What Is Gamification And Why It Is Not Gaming (I Don’t Want My Child To Play Games All Day!)
If you are looking for an eLearning platform to support your child’s learning, gamification is going to be a feature. If you interpret this term the wrong way, you might say that the last thing parents want their children to do is to play more games on the computer. But hold that thought for a moment. Why is a child is willing to spend hours, sometimes entire weekends, in front of a screen playing a game? Your children love games because they get instant feedback and rewards. We humans love rewards. We are a competitive lot and when we can advance to the next level of a challenge it motivates us to keep going. It makes us feel better that we have accomplished something, and we have! The same is true when we learn. Gamification gives students the incentive to succeed. So when you look for a strong eLearning platform for your child, remember that gamification is a good thing. So, what is gamification?
What Is Gamification And How It Works
Gamification has been around since the late 1800s. Originally, companies used reward systems to encourage people to buy from them and to build loyalty.
I am old enough to remember Green Stamps from the early 1960s. They were all the rage with housewives. Whenever my mother filled the gas tank or went to the grocery store, she only went to places that gave her green stamps. Religiously, she pasted them into her Green Stamps booklet. When the book was full, she could trade it in for a houseware product. It was hard to tell what was more exciting; filling the book or getting the actual reward. Essentially, every time she bought from the A&P or Esso, she would get a reward. She made a point of shopping there just so that she could get her just reward; a behaviorist approach to establishing loyalty!
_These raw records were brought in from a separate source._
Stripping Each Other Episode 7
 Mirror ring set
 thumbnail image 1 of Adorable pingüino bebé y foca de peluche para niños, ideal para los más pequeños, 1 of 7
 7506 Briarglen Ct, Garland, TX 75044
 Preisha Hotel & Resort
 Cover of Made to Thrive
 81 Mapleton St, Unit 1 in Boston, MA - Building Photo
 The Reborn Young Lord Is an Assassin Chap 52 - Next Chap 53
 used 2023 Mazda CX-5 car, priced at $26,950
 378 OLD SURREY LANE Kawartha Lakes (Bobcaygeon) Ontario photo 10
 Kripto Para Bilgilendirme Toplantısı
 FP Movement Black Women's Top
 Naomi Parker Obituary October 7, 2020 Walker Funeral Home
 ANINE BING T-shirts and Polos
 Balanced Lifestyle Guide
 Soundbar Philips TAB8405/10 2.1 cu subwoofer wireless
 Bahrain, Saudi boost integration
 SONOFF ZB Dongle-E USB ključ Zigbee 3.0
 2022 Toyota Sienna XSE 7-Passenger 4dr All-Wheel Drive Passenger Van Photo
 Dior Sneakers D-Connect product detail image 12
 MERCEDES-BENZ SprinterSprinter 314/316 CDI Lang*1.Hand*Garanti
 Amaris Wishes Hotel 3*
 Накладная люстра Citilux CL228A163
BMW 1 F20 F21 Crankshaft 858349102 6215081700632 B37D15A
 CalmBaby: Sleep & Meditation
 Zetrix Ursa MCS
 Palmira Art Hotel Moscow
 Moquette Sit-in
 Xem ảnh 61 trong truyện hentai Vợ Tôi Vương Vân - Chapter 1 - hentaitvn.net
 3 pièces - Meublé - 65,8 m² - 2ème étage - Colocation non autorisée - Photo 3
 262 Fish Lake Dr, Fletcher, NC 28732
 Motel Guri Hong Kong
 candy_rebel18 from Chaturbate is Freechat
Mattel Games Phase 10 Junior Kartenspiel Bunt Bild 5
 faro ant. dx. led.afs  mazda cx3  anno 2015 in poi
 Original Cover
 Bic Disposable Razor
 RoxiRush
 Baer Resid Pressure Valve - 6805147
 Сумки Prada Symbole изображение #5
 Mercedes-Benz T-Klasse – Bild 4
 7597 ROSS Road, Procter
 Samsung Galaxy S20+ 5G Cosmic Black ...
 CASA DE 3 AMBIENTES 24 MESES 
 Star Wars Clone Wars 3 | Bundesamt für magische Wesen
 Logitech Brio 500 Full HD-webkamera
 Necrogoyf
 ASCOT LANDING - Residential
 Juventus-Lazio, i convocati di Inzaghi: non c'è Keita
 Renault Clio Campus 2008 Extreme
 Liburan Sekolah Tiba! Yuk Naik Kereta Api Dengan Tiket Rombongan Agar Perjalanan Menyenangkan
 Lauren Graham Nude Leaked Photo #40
Fast forward to the computer age. Gamers were born! Marketers, educators, policy makers, and businesses followed suit. Why wouldn't the benefits of the instant feedback and rewards that enticed gamers, entice buyers, clients, and students as well?
Now gamification has spread to the eLearning field with outstanding results.
Playing Games And Gamification Are Not The Same Thing
There may be mini-games within the framework, but the gamification is the big picture. When you hear the word gamification in a sales pitch for eLearning, it means that students learn under a framework of gamification. The sole purpose of gamification is motivating and reinforcing student learning with feedback, rewards, and a chance to practice a subject until they master it.
4 Ways In Which Gamification Leads To Mastery
1. Immediate Feedback.
With gamification, students get immediate feedback confirming their response to the material with an explanation or a hint for the student to try again. A ribbon displays the student’s progressive score as he or she proceeds through a module. At any point during the module, the student can review the feedback and try to improve his or her results.
2. Hard Evidence.
Gamification provides hard evidence of student progress by collecting and storing a record of it. The data to measures the student’s success, how many attempts or how long it took to achieve it, and whether or not the student needs more practice to reach mastery. Parents who are curious about their student’s progress can access this data as well.
3. Reward.
Gamification reinforces a sense of accomplishment for students who reach academic goals by boosting them to the next level of learning. Thus gamification rewards students with new challenges and activities while receiving badges and tangible rewards as well.
4. Active, Not Passive, Learning.
Learners learn by doing. Gamification stimulates learners to engage in what they learn rather than having to wade through volumes of overwhelming text. Gamification scaffolds a subject to make it possible for learners to accomplish simple tasks and build upon them to gain knowledge.
Never Fear
If you are a parent who is wary of an eLearning platform that promises gamification, never fear! When we learn, we absorb information; we manipulate; we make mistakes; we try again, and continue learning until we can apply what we learn to the real world. Gamification challenges students and parents to take an active part in their learning process by moving at their own pace and reaping the rewards.